Par un arrêt du 6 novembre 2025, la Cour de cassation, en matière de bail commercial, a jugé que le cédant, garant solidaire, peut invoquer les engagements conclus entre le bailleur et le nouveau locataire (cessionnaire) dans la transaction intervenue, même s’il est étranger à cet acte.

Rappel des faits et de la procédure

Par acte sous seing privé du 10 septembre 1999, le bailleur a donné un local commercial au locataire. Ce bail a été successivement renouvelé. 

Le locataire a cédé son fonds de commerce avec engagement de garantie solidaire au titre, notamment, des loyers impayés.

Par acte extrajudiciaire du 30 juin 2020, le bailleur a assigné le garant solidaire pour obtenir le paiement des loyers impayés dus au 27 février 2020 par le nouveau locataire.

En cours d’instance, par acte sous seing privé du 3 mai 2021, le bailleur et le locataire ont conclu un protocole d’accord transactionnel par lequel le premier renonçait à :

« tout paiement de loyer entre ses mains, pour toutes les périodes antérieures à la signature du présent protocole d'accord transactionnel moyennant le paiement immédiat par la locataire de la somme de 40 995,11 euros au titre des loyers du troisième trimestre 2020 ».

Le garant solidaire a argué en 1ère instance que cette transaction constituait, au profit du locataire cessionnaire (nouveau locataire), un avantage dont il pouvait se prévaloir.
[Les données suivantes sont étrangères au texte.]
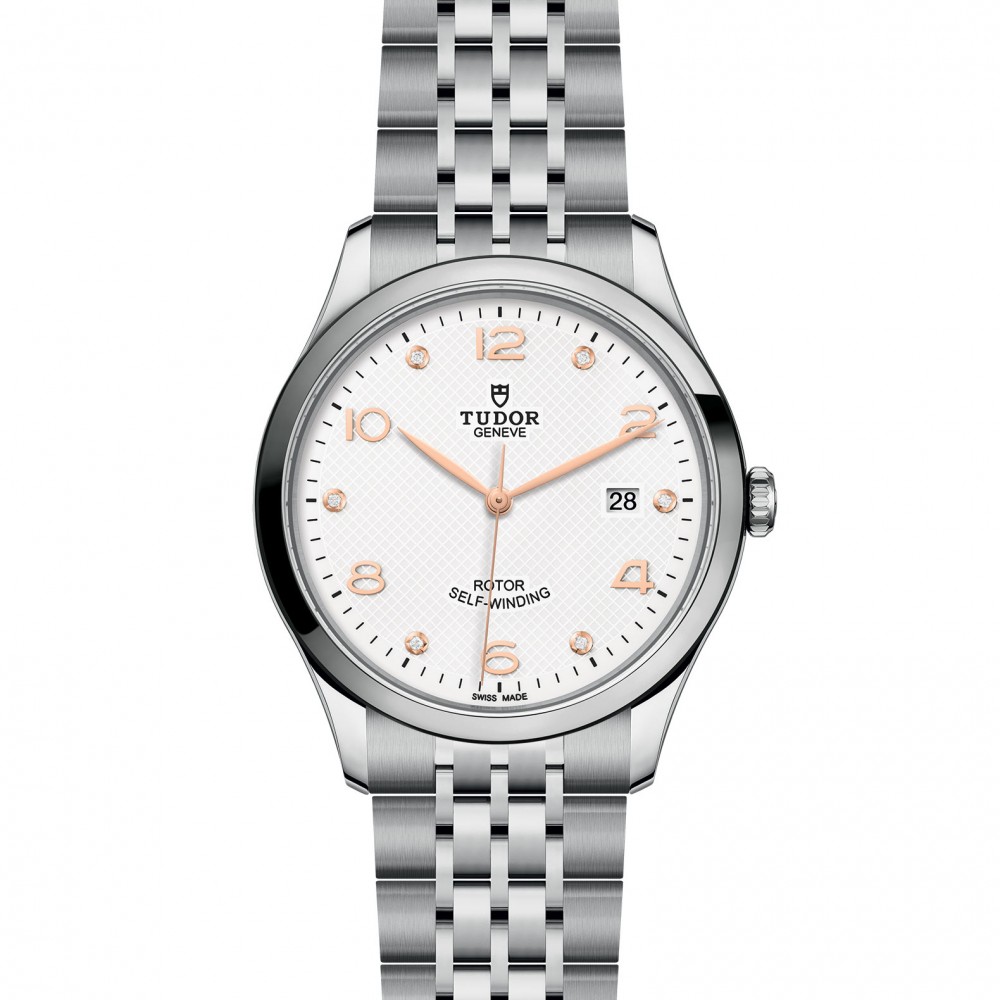 TUDOR 1926 Watch - M91650-0013 at Floyd & Green Fine Jewelers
Il invoquait donc une réduction de sa dette solidaire.

La décision de la Cour d’appel de Paris

Le garant solidiaire a interjeté appel devant le Cour d’appel de Paris.
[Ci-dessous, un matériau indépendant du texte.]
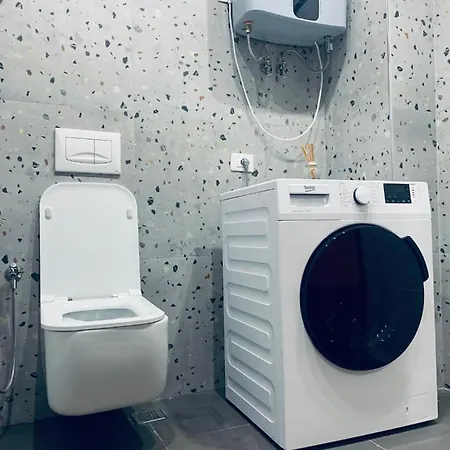 Peppermint Apartment *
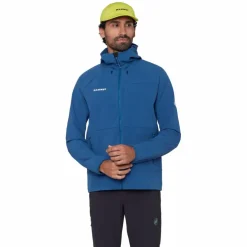 Mammut · Ultimate Comfort SO Hooded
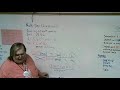 Scientific Notation and Molar Conversions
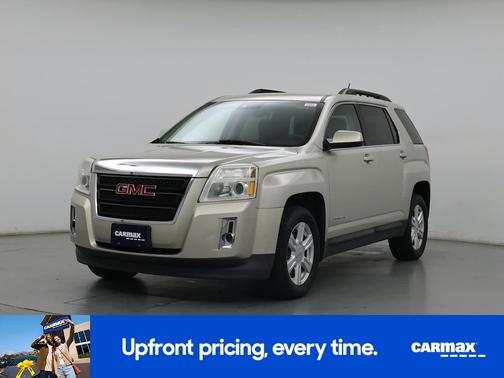 2014 GMC Terrain SLE
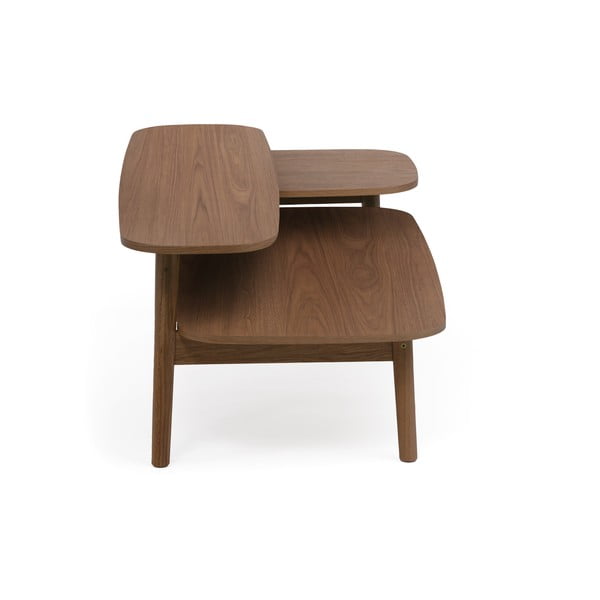 Конферентна маса с орехов фурнир Eichberg - Woodman-image-2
La Cour d’appel rejette la demande du garant solidaire en jugeant que sa garantie solidaire est due jusqu'au 28 décembre 2021 et le condamne à payer au bailleur une certaine somme au titre des loyers, charges et taxes du quatrième trimestre 2019 et pour la période du 1er janvier au 17 février 2020, avec intérêts au taux légal à compter du 2 juin 2020 car la transaction intervenue entre le bailleur et le nouveau locataire n’engageait que les signataires, dont le garant solidaire était étranger, et ne faisait pas obstacle à une action contre ce dernier. 

Le locataire forme alors un pourvoi en cassation en avançant que que le tiers codébiteur solidaire peut se prévaloir d'une transaction intervenue entre le créancier commun et l'un de ses coobligés, dès lors qu'il en résulte pour ce dernier un avantage dont il peut lui-même bénéficier. 
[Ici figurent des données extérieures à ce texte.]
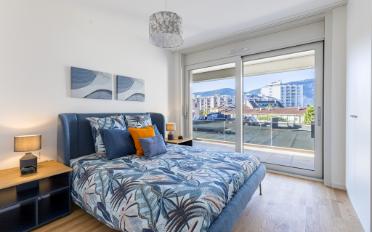 Furnished flat 3 rooms - image - 3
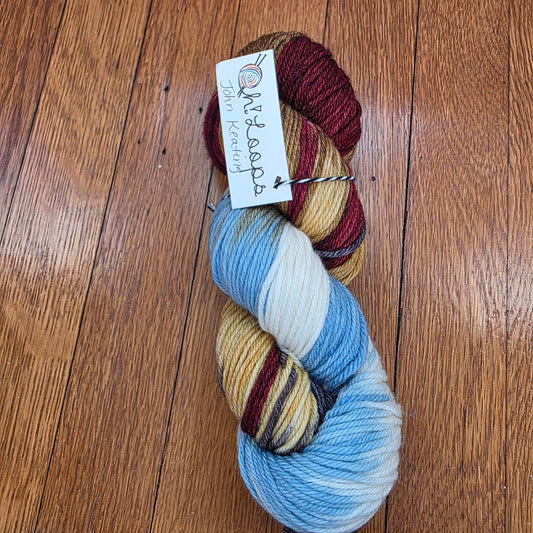 Oh! Loops Worsted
Le garant solidaire (cédant) peut-il se prévaloir d’une transaction intervenue entre le bailleur et le locataire (cessionnaire) même s’il n’est pas intervenu à l’acte ?

La Cour de cassation rappelle que selon les dispositions de l’article 1199 du Code civil, les conventions n'ont d'effet qu'entre les parties contractantes. En principe, les tiers ne peuvent ni demander l'exécution du contrat ni se voir contraints de l'exécuter.

Conformément à l’article 1200 du Code civil, les tiers doivent respecter la situation juridique créée par le contrat. Ils peuvent cependant s'en prévaloir notamment pour apporter la preuve d'un fait.

L’article 2051 du Code civil dispose que la transaction faite par l'un des intéressés ne lie point les autres intéressés et ne peut être opposée par eux.

Aux termes de l’article 1315 du Code civil, le débiteur solidaire poursuivi par le créancier peut opposer les exceptions qui sont communes à tous les codébiteurs, telles que la nullité ou la résolution, et celles qui lui sont personnelles. Il ne peut opposer les exceptions qui sont personnelles à d'autres codébiteurs, telle que l'octroi d'un terme. Toutefois, lorsqu'une exception personnelle à un autre codébiteur éteint la part divise de celui-ci, notamment en cas de compensation ou de remise de dette, il peut s'en prévaloir pour la faire déduire du total de la dette.

Il résulte de ces textes que, si la transaction est un contrat qui ne peut produire d'effet qu'entre les parties qui l'ont conclue et qu'à ce titre, un tiers ne peut se prévaloir de ses effets, elle constitue pour lui un fait juridique, de sorte que le tiers codébiteur solidaire peut invoquer les engagements contenus dans la transaction intervenue entre le créancier commun et l'un de ses coobligés, dès lors qu'il en résulte pour ce dernier un avantage dont il peut lui-même bénéficier.

La Cour de cassation casse l’arrêt de la Cour d’appel de Paris aux motifs que la transaction intervenue entre le bailleur et le locataire (cessionnaire) peut bénéficier au garant solidaire, dont il tire un avantage, quand bien même celui-ci n’est pas signataire de l’acte.